Two months it has been. Two months of withholding my pleasure and focusing on her. Two months of near-constant imprisonment of my manhood, and two months of chastity to her. A very good two months. Last night, it was the time -- the day she allowed me release. She edged me for nearly an hour, which was heaven enough. Her feel, the pleasure I (hopefully) gave her, dancing on that edge of self-control, her-control, and my body's limits, was delicious. But, I was nearing the end of my endurance. I think she sensed this also. So, she had decided it was the night. Frankly, I didn't expect it. She timed it perfectly, keeping me on the edge until she was ready as well. When my orgasm came, I barely remembered what they felt like. It was world-shattering--a concussive wave of pleasure that bounced up and down and through my body for minutes. I have never had an orgasm that good. But, more than that, even, was being able to please her, to show her the pleasure she deserved. To squeeze her tight and try to meld into one....

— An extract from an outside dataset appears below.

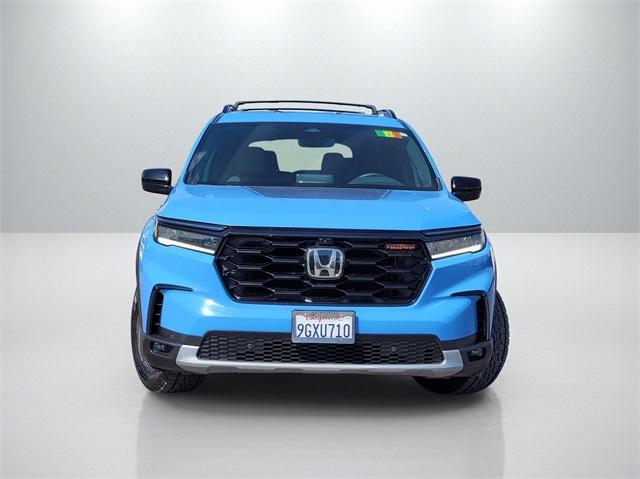 2023 Honda Pilot TrailSport photo 2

In all honesty, I would have given even that mind-blowing pleasure up to be a better servant to her, to please her more. But I think that what she did brought her pleasure, and for that I am grateful.
I was of mixed feelings afterwards (way afterwards, after the echos of those waves had died down). I don't think it will be as long a road to get back into "chastity" mode. I do feel some of the wind has been taken out of my sails, but I hope to get my energy and strength back to be the best servant I can be for her.